Hunt: God, so many people. Jim Brooks — he holds a big place in my psyche about the kinds of movies that move me. Funny movies about difficult things appeal to me. That’s a cocktail that works for me, and this movie is, hopefully, a funny movie about betrayal, basically. It looks like it’s about adoption or it looks like it’s about wanting a baby or falling in love or getting your heart broken. But for me, I had to come up with — and this is something I think I learned from Jim Brooks — that you have to have the one sentence that you hang onto when you make a movie, and everything falls in line behind that. For me it was: You can’t really fall in love until you’ve made peace with betrayal. ...
And there are other directors who shall remain nameless that I remember feeling like, “That’s a mistake.” I worked with somebody once who, the camera operator — who arguably knows more than anybody — gave a suggestion and this director shot him down. And I remember, just, that’s it, you don’t get a second shot at getting someone from the crew to give you their point of view. You either create an environment where people feel welcome to give you their opinions or you don’t. So I knew that I wanted to be prepared enough that I would be brave enough to hear people’s ideas. And I did.
AP: How did you respond when people came to you with ideas?
Hunt: Just shot ’em down (laughter).
AP: As well you should ...
Hunt: It’s my movie! No, as — whatever — stressed or tired as I was, I was never too stressed or tired to hear somebody’s idea, ’cause I was very alone, to tell you the truth. I did not have, you know, the Coen brothers have the other Coen brother (laughter). I didn’t have anybody. I was just me, hoping this all made sense.
AP: I’m glad that you mentioned Jim Brooks because there are a lot of lines and a lot of the tone in your film that reminded me of “As Good As It Gets,” in terms of a really poignant moment that’s also sweet but doesn’t go all the way into maudlin. How do you achieve that?

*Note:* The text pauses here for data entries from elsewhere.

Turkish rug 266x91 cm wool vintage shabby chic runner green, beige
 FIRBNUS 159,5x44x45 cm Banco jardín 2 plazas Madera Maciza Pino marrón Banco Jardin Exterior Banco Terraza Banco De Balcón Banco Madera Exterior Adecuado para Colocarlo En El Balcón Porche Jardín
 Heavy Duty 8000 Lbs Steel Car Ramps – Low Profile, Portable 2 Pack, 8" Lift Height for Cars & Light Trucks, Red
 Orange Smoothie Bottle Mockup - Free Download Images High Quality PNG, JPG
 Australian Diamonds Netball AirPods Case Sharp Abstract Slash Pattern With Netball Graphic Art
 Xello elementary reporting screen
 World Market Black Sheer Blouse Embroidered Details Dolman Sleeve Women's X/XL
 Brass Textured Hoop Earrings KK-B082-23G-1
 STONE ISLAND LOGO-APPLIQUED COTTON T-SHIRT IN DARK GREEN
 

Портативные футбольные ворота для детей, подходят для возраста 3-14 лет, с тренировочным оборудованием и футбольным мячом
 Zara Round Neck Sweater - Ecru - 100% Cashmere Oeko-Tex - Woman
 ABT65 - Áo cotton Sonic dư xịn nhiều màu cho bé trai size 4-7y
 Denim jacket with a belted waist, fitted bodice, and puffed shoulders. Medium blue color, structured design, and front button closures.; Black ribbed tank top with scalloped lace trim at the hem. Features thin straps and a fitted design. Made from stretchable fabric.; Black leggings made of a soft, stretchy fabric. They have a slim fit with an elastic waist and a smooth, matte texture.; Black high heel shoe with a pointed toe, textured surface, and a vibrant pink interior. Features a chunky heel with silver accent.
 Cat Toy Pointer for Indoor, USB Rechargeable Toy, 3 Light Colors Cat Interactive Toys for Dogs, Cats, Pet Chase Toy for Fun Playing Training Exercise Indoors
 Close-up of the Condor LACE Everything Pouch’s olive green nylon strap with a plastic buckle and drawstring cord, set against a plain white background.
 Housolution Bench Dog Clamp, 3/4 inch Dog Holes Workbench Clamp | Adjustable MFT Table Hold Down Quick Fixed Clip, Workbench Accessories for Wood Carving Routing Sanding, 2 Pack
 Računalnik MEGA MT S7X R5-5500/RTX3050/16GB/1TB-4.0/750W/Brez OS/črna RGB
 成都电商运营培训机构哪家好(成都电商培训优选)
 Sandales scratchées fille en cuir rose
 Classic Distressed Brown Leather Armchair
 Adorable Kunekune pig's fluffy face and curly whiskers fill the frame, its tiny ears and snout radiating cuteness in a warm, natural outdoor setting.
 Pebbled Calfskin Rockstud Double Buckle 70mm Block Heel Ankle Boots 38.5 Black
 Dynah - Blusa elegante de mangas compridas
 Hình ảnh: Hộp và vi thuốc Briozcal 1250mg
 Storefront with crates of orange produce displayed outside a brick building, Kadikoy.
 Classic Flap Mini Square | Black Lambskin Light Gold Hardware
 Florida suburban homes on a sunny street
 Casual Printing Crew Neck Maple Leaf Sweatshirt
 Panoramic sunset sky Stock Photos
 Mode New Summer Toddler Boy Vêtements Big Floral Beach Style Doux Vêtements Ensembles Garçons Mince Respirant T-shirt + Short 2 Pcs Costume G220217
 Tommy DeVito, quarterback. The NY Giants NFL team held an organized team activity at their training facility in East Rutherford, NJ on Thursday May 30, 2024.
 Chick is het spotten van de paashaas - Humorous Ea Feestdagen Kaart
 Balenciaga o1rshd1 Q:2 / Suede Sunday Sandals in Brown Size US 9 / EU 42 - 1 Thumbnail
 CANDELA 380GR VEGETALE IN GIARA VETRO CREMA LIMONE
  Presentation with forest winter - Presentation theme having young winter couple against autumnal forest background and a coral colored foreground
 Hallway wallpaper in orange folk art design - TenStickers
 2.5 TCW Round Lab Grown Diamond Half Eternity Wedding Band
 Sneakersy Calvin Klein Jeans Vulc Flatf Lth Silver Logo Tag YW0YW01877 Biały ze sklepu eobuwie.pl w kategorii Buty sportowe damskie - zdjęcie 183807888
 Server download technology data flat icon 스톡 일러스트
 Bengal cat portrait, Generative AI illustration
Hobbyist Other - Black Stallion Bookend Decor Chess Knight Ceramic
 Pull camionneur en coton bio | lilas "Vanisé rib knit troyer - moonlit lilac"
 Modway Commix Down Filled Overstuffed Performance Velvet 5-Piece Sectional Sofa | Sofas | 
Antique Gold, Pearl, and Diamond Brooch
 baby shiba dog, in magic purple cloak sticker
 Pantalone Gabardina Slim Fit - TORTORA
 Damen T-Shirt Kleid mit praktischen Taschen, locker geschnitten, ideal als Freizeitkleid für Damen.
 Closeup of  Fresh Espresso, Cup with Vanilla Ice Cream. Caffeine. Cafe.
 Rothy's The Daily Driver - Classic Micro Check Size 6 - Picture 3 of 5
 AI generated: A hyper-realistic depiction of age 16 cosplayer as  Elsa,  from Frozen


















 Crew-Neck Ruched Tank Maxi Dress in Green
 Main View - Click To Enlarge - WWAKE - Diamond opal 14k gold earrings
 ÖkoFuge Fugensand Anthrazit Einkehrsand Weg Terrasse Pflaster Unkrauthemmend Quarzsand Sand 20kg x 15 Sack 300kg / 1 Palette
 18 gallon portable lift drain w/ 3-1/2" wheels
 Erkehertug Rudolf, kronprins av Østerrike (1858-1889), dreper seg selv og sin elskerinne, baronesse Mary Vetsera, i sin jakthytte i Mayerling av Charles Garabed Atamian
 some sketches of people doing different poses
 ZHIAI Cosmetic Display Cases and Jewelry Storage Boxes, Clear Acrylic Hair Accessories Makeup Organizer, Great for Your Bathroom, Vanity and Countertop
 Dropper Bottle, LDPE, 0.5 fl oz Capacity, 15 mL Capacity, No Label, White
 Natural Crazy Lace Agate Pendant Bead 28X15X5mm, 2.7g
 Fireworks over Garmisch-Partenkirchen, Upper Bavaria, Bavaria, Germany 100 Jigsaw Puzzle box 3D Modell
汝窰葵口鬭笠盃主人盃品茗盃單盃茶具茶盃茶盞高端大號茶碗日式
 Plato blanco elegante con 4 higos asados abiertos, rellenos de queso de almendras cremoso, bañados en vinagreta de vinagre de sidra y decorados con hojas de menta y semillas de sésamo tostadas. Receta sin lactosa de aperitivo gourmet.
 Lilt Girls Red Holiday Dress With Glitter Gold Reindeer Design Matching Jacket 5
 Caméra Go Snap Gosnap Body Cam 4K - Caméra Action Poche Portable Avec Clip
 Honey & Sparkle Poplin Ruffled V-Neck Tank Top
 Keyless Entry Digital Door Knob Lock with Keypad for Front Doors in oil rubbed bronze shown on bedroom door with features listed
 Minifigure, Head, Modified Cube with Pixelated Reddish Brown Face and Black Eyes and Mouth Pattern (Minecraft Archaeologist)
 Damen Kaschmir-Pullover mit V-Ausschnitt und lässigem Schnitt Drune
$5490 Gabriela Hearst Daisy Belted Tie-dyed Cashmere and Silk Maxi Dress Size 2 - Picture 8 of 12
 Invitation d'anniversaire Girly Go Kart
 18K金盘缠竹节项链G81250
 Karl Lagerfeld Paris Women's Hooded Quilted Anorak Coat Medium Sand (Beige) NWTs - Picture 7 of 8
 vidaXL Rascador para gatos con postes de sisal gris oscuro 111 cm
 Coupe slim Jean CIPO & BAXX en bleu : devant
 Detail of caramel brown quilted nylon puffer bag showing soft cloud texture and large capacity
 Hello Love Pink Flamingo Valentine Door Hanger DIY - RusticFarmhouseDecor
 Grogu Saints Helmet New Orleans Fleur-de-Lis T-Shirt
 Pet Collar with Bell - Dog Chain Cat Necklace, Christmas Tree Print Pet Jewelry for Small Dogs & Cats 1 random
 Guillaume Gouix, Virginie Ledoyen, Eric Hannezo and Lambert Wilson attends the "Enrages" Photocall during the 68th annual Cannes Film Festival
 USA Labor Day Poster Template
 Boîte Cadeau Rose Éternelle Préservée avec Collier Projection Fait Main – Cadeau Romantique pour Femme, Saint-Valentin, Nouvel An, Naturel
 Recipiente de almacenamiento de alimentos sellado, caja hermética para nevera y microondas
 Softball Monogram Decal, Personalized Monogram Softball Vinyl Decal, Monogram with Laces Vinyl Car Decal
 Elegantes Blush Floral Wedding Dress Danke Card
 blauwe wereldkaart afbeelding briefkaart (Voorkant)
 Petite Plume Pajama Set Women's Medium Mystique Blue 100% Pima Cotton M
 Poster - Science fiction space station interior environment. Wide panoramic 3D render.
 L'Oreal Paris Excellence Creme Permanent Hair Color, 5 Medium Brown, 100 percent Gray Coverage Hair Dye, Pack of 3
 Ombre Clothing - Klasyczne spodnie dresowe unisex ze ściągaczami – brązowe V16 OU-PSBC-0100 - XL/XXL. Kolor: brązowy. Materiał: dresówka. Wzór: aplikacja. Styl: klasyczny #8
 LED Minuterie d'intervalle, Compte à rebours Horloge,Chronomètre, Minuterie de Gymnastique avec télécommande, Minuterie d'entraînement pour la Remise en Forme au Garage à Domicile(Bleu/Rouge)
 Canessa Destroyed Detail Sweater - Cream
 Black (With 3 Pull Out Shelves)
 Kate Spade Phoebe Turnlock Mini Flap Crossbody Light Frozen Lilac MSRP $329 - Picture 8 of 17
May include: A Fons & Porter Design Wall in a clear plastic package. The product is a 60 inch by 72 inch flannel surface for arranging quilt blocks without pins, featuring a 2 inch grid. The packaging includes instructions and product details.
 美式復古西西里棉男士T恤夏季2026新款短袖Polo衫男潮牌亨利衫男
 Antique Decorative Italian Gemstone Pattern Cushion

Hunt: I mean, that’s writing and then hiring good actors, and if you’re making a movie that’s funny, there’s just an ear. People either have an ear to do eight pages of rapid-fire dialogue or they don’t and (Midler) just has the best ear of anybody.
AP: It’s a very interesting cast, though, besides Bette Midler. I love that you chose Salman Rushdie as your gynecologist. Where did that come from?
Hunt: He really is my gynecologist (laughter). That’s the weird thing.